It is a long-held personal view that testimonial matches for the current generation of fabulously rich footballers are at best an anachronism, at worst disgracefully greedy. In some respects they are like the modern-day wedding list. Allow me to explain.

The wedding list, once upon a time, was a way of setting up a young couple who were embarking on life together. A couple like my parents, for example, married at 21 without a stick of furniture or a serviceable kitchen utensil to their name. The next generation has tended to get married in their thirties by which time – after years of cohabitation – they have egg whisks and saucepan sets aplenty.

Those modern-day couples who attach lengthy wedding lists to their invites do not actually need all that stuff. Not in the way that the previous generation needed it. The current generation already own all the ephemera of wedding lists. They just want to upgrade their stuff. Which brings us to the issue of testimonials.

Like wedding lists in the old days, the gate receipts from a testimonial were given to the player in question to launch him in his new life. The tradition was established to thank a player for long service to one club, 10 years usually being the agreed minimum. It was billed as a chance for the fans to give thanks for the loyalty but, before the days of the six-figure weekly pay cheque, it also had a crucial financial aspect.

For those footballers of the sepia age that sum was crucial. For those playing now in the lower divisions of English football it still is. It went towards ex-players establishing themselves in a new career as they hit their early thirties and contemplated retirement. It was justified because life as a footballer demanded, as it does now, that education be set aside as a teenager to focus on success as a player.

Life could be uncertain for those players spat out of football in their early thirties. Sir Alex Ferguson was a landlord of two Glasgow pubs before becoming a manager. Sir Bobby Charlton established a travel agency. When injury forced Dave Whelan to retire he bought a sports shop in Wigan and turned it into the JJB Sports empire. In those days, like those in the lower leagues now, footballers needed some help to get them started.

I only mention this because it has emerged that John Terry has had the right to a testimonial, worth around £2.5m, written into his new contract at Chelsea. Something tells me, that on his current deal of £160,000 a week, Terry will not have to worry about pulling pints or restringing tennis rackets when his football career ends. The only explanation is that he must intend to give the takings from his testimonial to charity. Any alternative would be obscene.

I have no objection to footballers earning big money. They are the stars of a very profitable industry. But to ask the fans to pay their hard-earned for a testimonial match to provide a tax-free nest egg for a modern footballer whose nest is already wallpapered with £50 notes is immoral.

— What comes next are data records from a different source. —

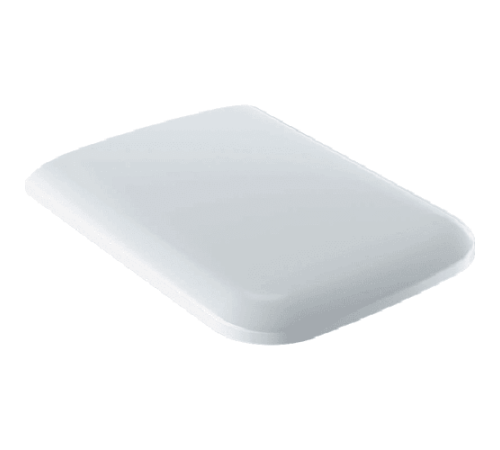 Кришка для унітазу Geberit iCon Square 571910000 Soft-Close Кришка для унітазу Geberit iCon Square 571910000 Soft-Close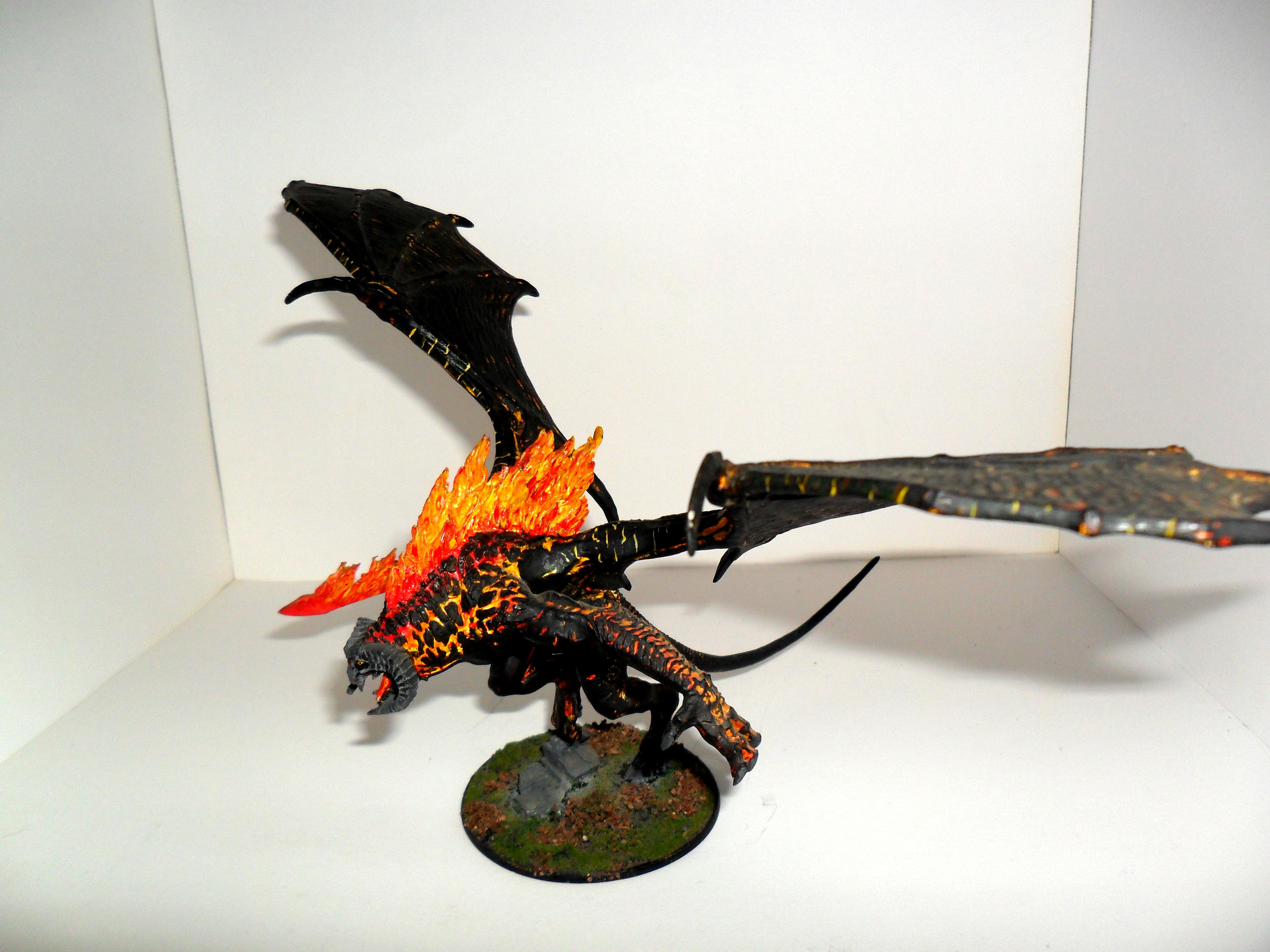 Awesome, Conversion, Fire, Painted, Warhammer Fantasy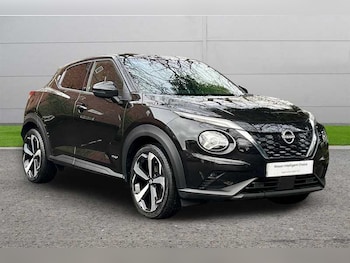 Nissan Juke feature image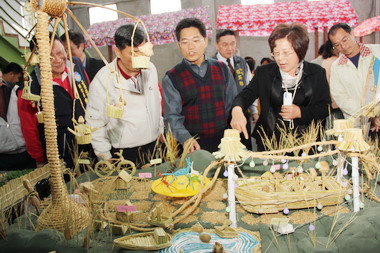 幸福遊樂園百花綻放關山農會花海25日開幕(圖)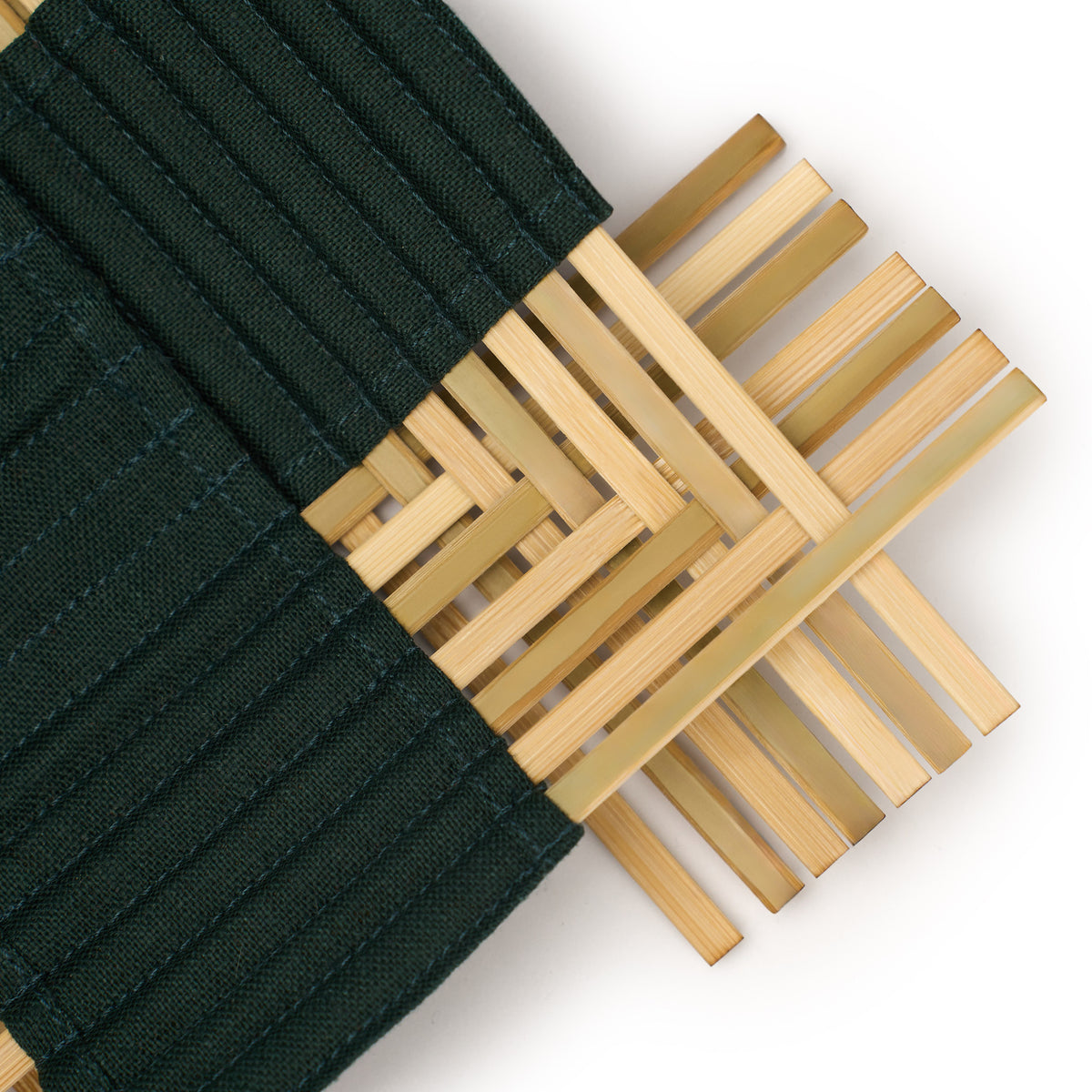 Filet de rangement Đan vert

When Niall Quinn finished his career with a testimonial at Sunderland in 2002, he donated all the money to charity. This was a wonderful gesture but it should be the norm. Gary Neville could have claimed a testimonial at Manchester United long ago but has said that he does not want one. This is because Neville has the intelligence to realise that a testimonial is utterly inappropriate in the age of the multimillionaire footballer.

Testimonials were always an easy way of getting the fans to pay for something the clubs did not want to fork out for themselves. A tax loophole meant that the players could set up a testimonial committee which would be paid the money and, in turn, present it as a gift to the player, thus avoiding the attention of the Inland Revenue.

When Dennis Bergkamp left Arsenal in 2006, his testimonial – the first match played at the Emirates – paid for T-shirts for all the fans, gifts for staff and donations to three charities. Good on him. Whether there was any left over for Bergkamp to pocket is not a matter of public record. Even so, the principle of testimonials for wealthy footballers is still a bit like throwing a party and then asking everyone else to pay for it.

If famous, well-paid players like Terry want to celebrate 10 years' service at their club, then by all means invite high-profile opposition over for a friendly. But they should do so at their own expense, not at the expense of the supporters who pay to watch them every week anyway. Then we will see how many of these players want their big farewell.

Let us leave the testimonial for the men lower down the football pyramid, those for whom life after football – and making a living – really is a concern. The notion that testimonials are a right for those who have been so richly rewarded by the modern game deserves to be put away for ever in a figurative dusty cupboard, along with all those redundant egg poachers and toasted sandwich makers of wedding-list lore.